Let's start with a function that determines if a number is prime; we will use the Miller-Rabin algorithm, which is faster than trial division, for the size of the numbers with which we will deal:
from random import randint def isPrime(n, k=5): # miller-rabin if n < 2: return False for p in [2,3,5,7,11,13,17,19,23,29]: if n % p == 0: return n == p s, d = 0, n-1 while d % 2 == 0: s, d = s+1, d/2 for i in range(k): x = pow(randint(2, n-1), d, n) if x == 1 or x == n-1: continue for r in range(1, s): x = (x * x) % n if x == 1: return False if x == n-1: break else: return False return True
Since we want to find the first number that satisfies the criteria, our strategy will be to start with 2 and work on us, preserving the results as we progress. We fill the cache (which is a bad pun, sorry) with the first numbers in Collatz sequences from 0 to 2:
primeCount = [0,0,1]
The pCount(n) function counts the primes in the Collatz sequence for n. As soon as the current value of the sequence k falls below n, we look at the result in the cache. Until then, we check every odd number in the Collatz sequence for primitiveness and, if necessary, increase the number p. When we have a primary number for n, we add it to the cache and return it.

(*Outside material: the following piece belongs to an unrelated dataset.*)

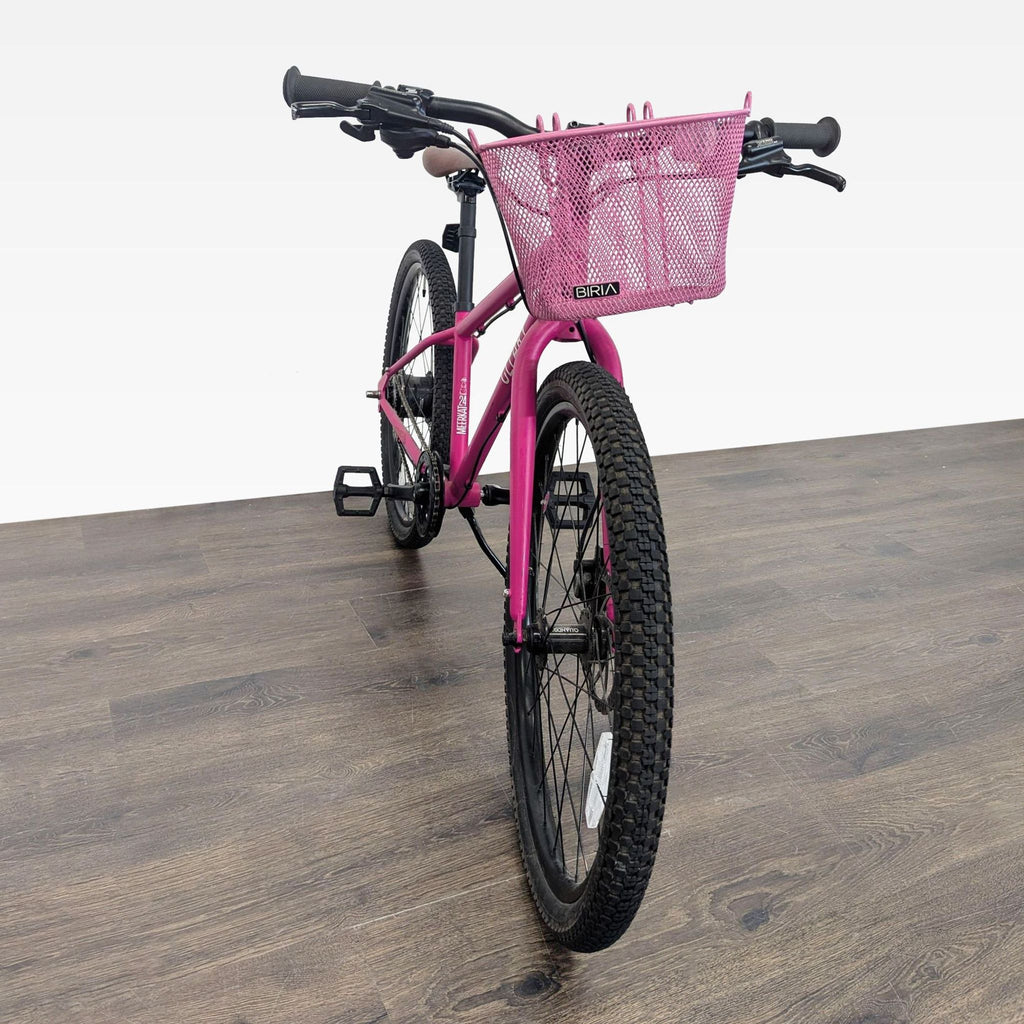 Cleary 24-Inch Pink Kids Bike with Front Basket and Kickstand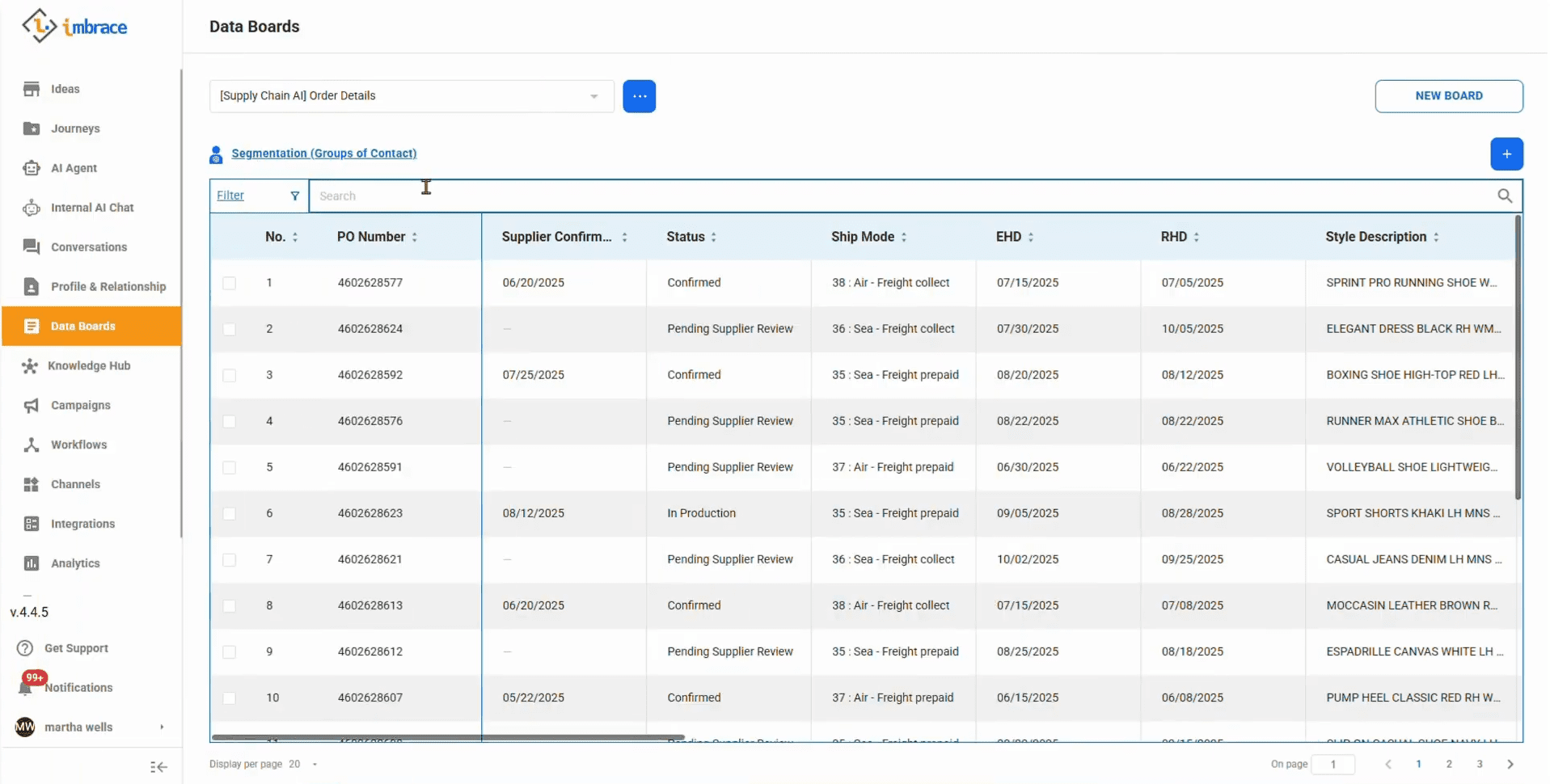 Extracting and structuring Purchase Order data in real time, providing retail and procurement teams with actionable insights for faster, data-driven decisions.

def pCount(n): k, p = n, 0 while k > 0: if k < n: t = p + primeCount[k] primeCount.append(t) return t elif k % 2 == 0: k = k / 2 elif isPrime(k): p = p + 1 k = 3*k + 1 else: k = 3*k + 1
Now it's just a matter of calculating simple counts for each n, starting at 3, stopping when the primary count is over 65:
n = 3 t = pCount(n) while t < 65: n = n + 1 t = pCount(n)
It does not take much time, less than a minute on my computer. Here is the result:
print n
The result is 67 primes. If you want to see them, here is a simple function that prints a Collatz sequence for a given n:
def collatz(n): cs = [] while n != 1: cs.append(n) n = 3*n+1 if n&1 else n//2 cs.append(1) return cs
And here is a list of primes:
filter(isPrime,collatz(n))
What a fun problem recreational math!
EDIT:. Since people asked about the Miller-Rabin primitive test, let me show you this simple strength tester based on a 2,3,5-wheel; it performs trial divisions by 2, 3, and 5 and numbers that are not multiples of 2, 3, or 5, including some composites, so it’s a little less efficient than trial divisions by primes, but there’s no need to pre-calculate and store primes, therefore it is much easier to use.
def isPrime(n): # 2,3,5-wheel if n < 2: return False wheel = [1,2,2,4,2,4,2,4,6,2,6] w, next = 2, 0 while w * w <= n: if n % w == 0: return False w = w + wheel[next] next = next + 1 if next > 10: next = 3 return True
The statement filter(isPrime,range(1000000)) identifies 78,498 primes less than a million in a few seconds. You might want to compare the timings for this strength tester versus the Miller-Rabin tester and determine where the intersection point is in terms of execution efficiency; I did not do any formal timings, but it seems to have solved the 65-collatz-prime problem at about the same time as the Miller-Rabin tester. Or you can combine a trial unit with a 2,3,5-wheel to a certain limit, say 1,000 or 10,000 or 25,000, and then run Miller-Rabin on the survivors; which quickly eliminates most composites, so it can work very quickly.